* [What you have to do] Reproduce the listing exactly and skip over any pictures.

* [Available data]
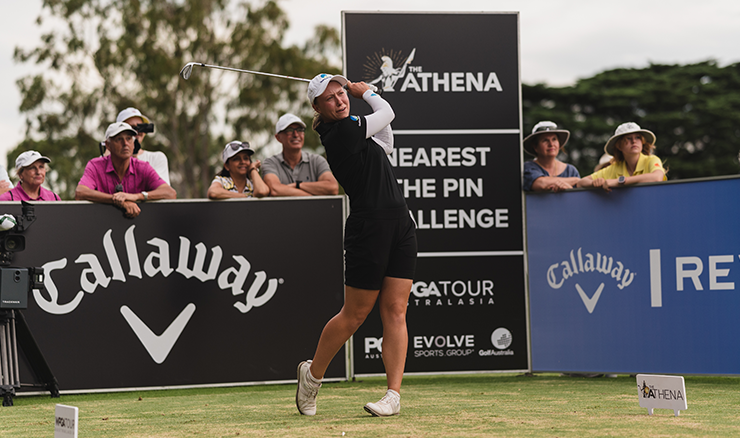 Caitlin Peirce tees off during The Athena's nearest to the pin challenge - where she hit the pin.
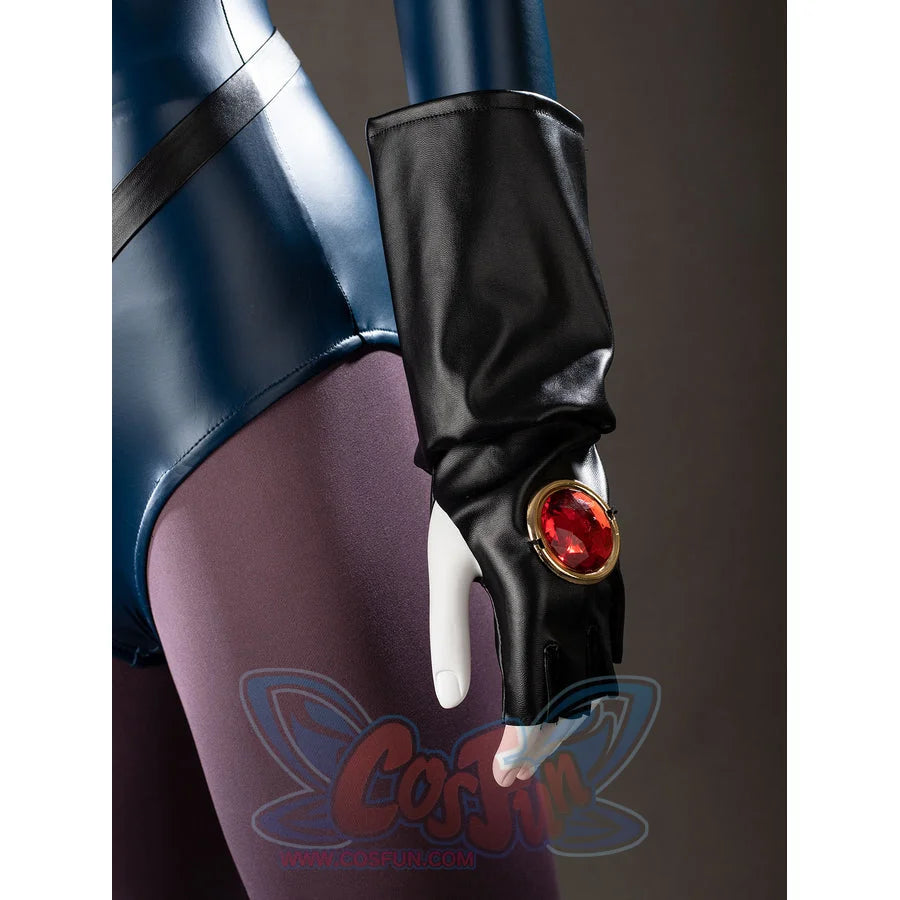Raven Rachel Roth cosplay glove clasp detail layers black faux leather around a red gem-like wrist accent.
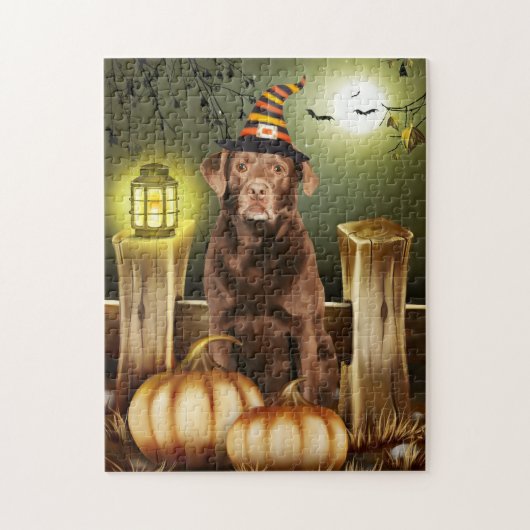 Labrador met heks Pet Halloween cadeau idee Legpuzzel (Verticaal)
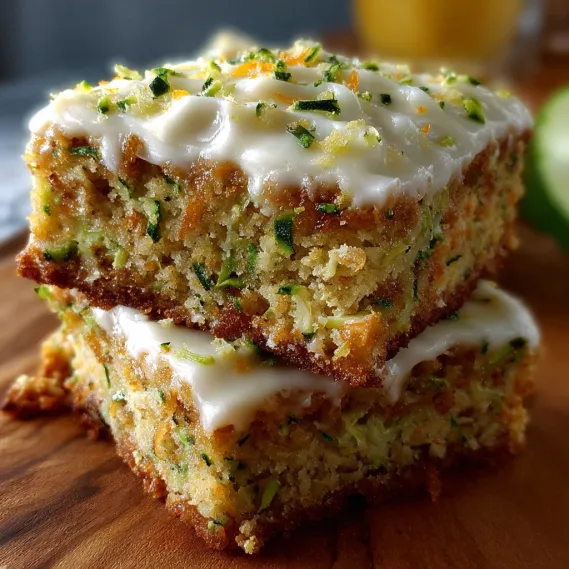 A stack of three zucchini bars with cream cheese frosting.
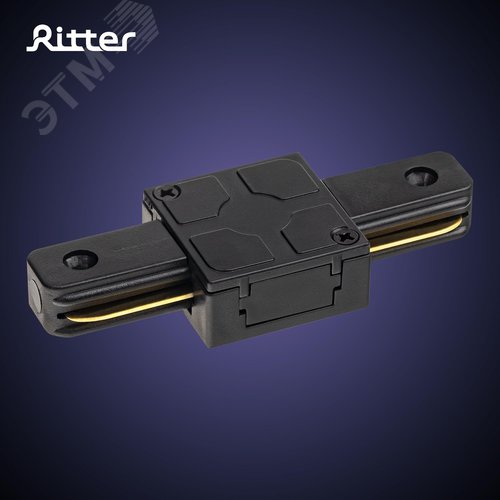 Коннектор трековый, для соединения шинопровода, прямой, жесткий, ARTLINE, пластик/медь, черный - фото 2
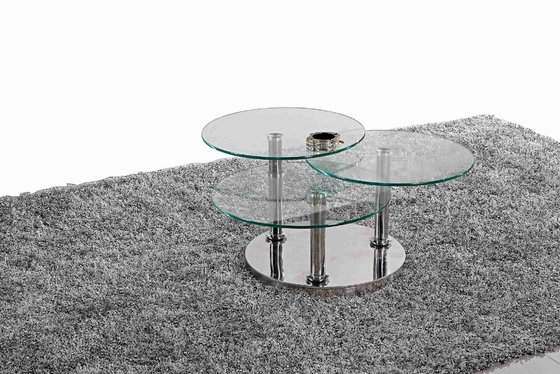 Luz elegante de la tabla de té de la mesa de centro de cristal central de la obra clásica 3 de lujo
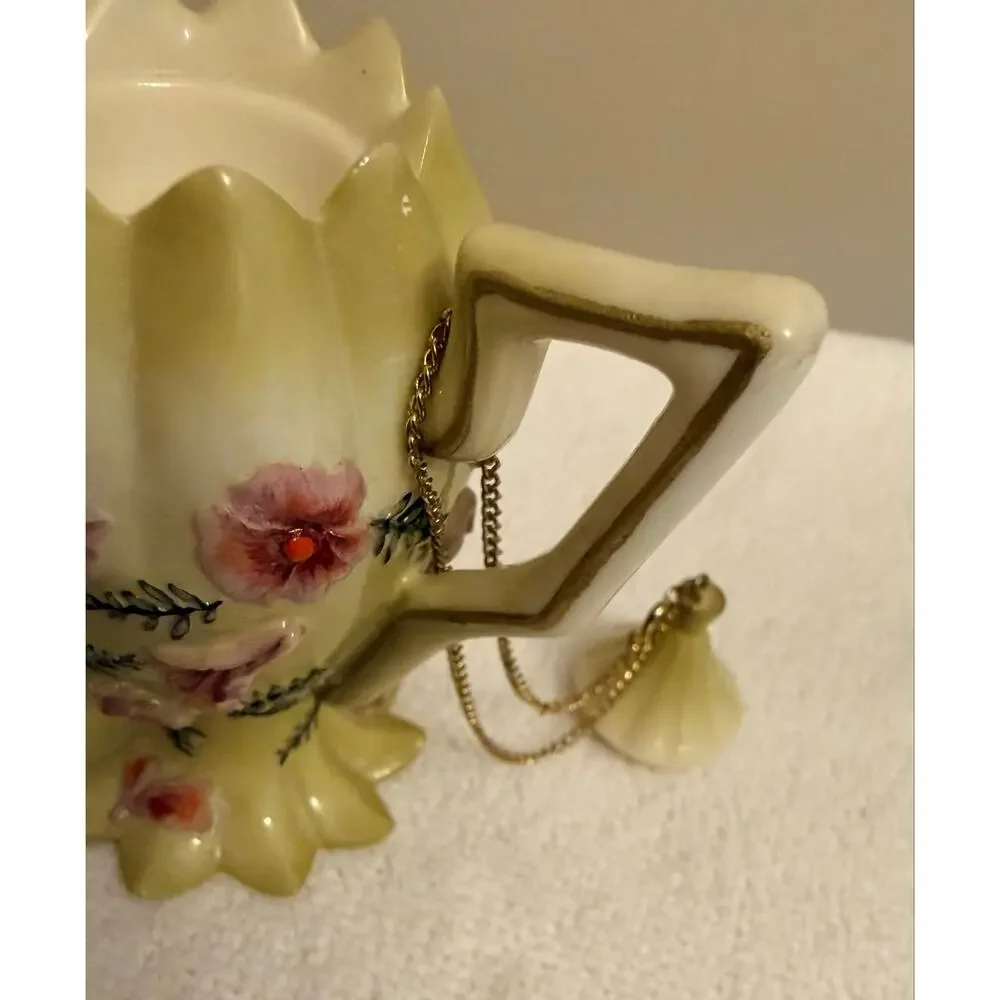 Vintage German Nini Decorative Scalloped Miniature Teapot. Hand painted.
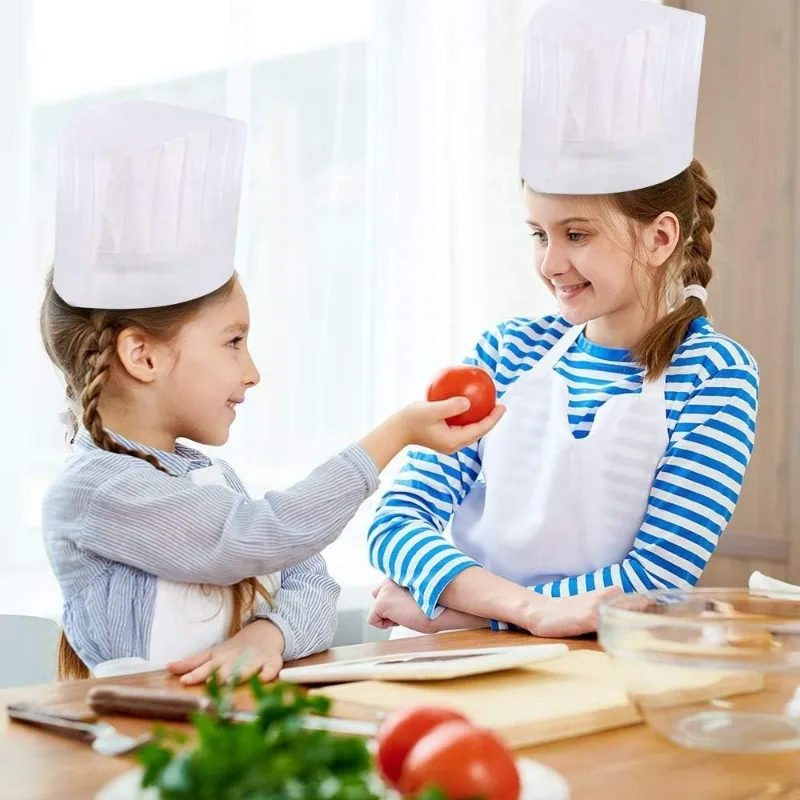 20pcs Disposable Chef Hat Thickened Non-woven Bar Pattern Cloth Texture Kitchen Work Cap High Middle Low Styles Available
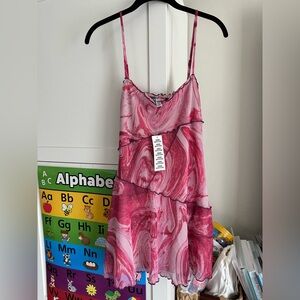 Urban Outfitters Moxie Mini Slip Dress in Pink Combo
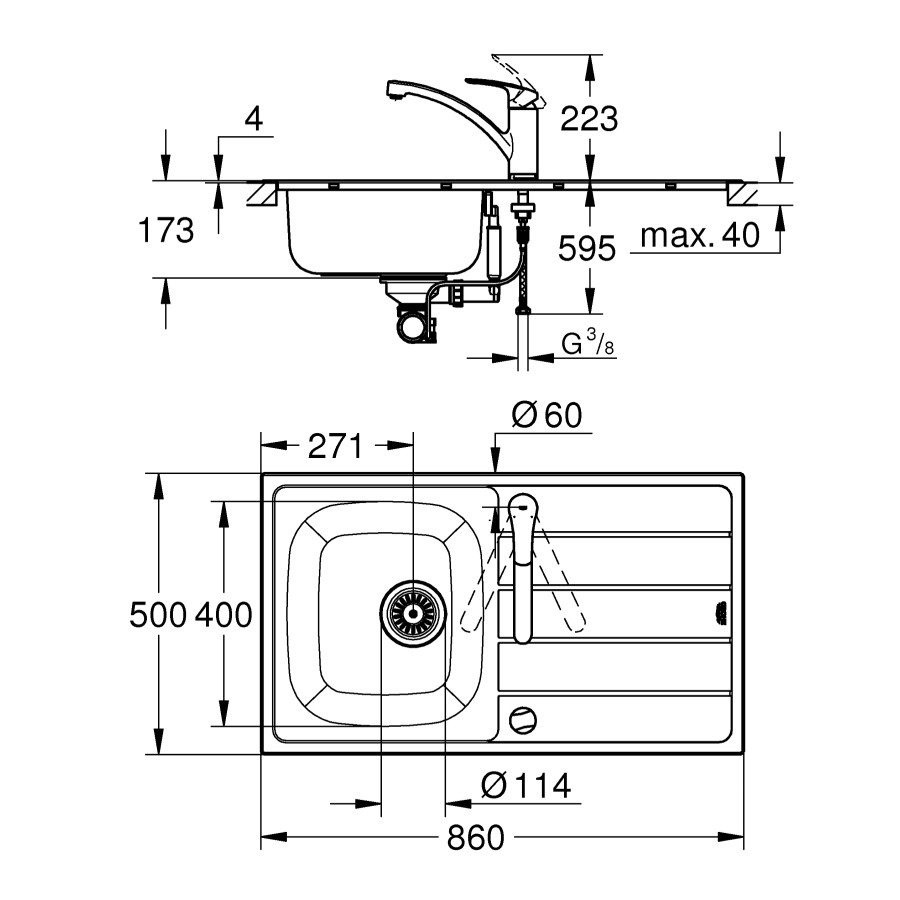Комплект кухонной мойки и смесителя Grohe K200 (31565SD1)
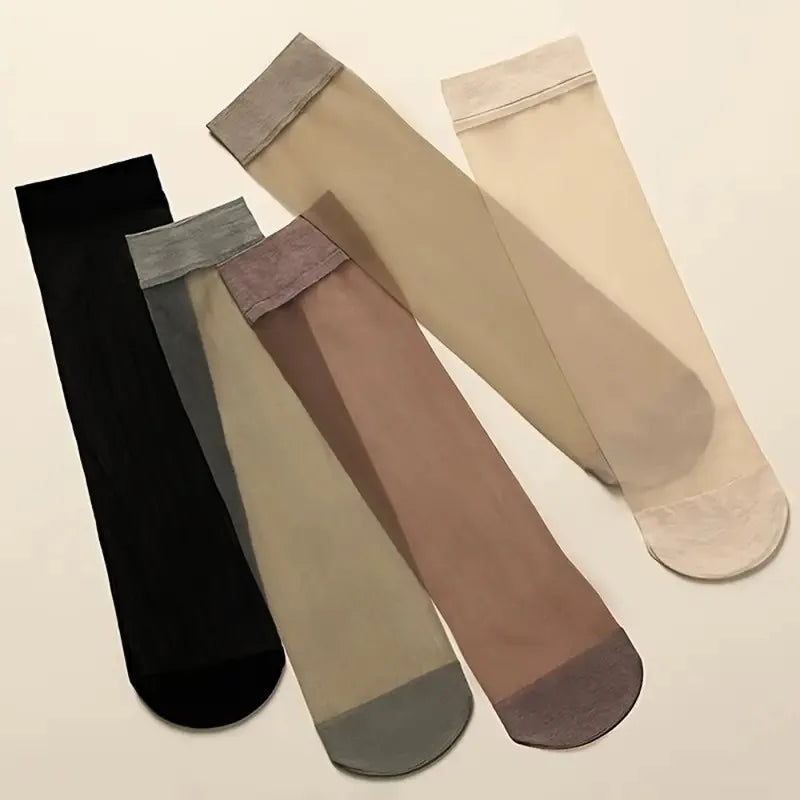 Nylon Spandex Transparent Casual Socks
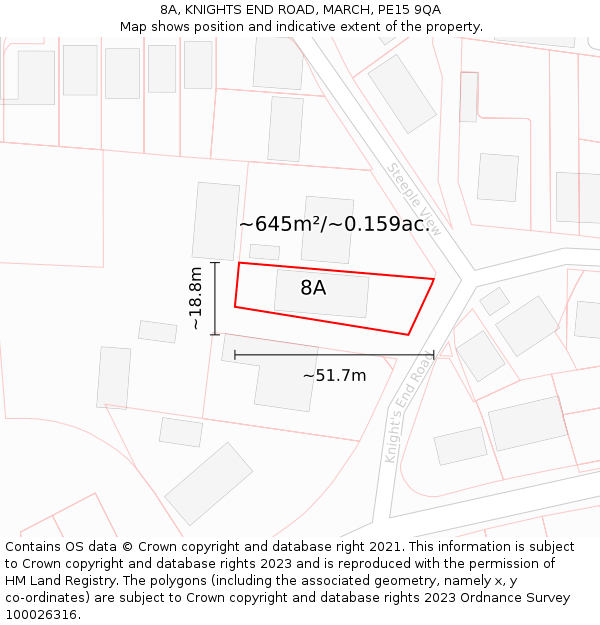 8A, KNIGHTS END ROAD, MARCH, PE15 9QA: Plot and title map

* [Solution for this problem]
 Caitlin Peirce tees off during The Athena's nearest to the pin challenge - where she hit the pin.
Raven Rachel Roth cosplay glove clasp detail layers black faux leather around a red gem-like wrist accent.
 Labrador met heks Pet Halloween cadeau idee Legpuzzel (Verticaal)
 A stack of three zucchini bars with cream cheese frosting.
 Коннектор трековый, для соединения шинопровода, прямой, жесткий, ARTLINE, пластик/медь, черный - фото 2
 Luz elegante de la tabla de té de la mesa de centro de cristal central de la obra clásica 3 de lujo
 Vintage German Nini Decorative Scalloped Miniature Teapot. Hand painted.
 20pcs Disposable Chef Hat Thickened Non-woven Bar Pattern Cloth Texture Kitchen Work Cap High Middle Low Styles Available
 Urban Outfitters Moxie Mini Slip Dress in Pink Combo
Комплект кухонной мойки и смесителя Grohe K200 (31565SD1)
 Nylon Spandex Transparent Casual Socks
 8A, KNIGHTS END ROAD, MARCH, PE15 9QA: Plot and title map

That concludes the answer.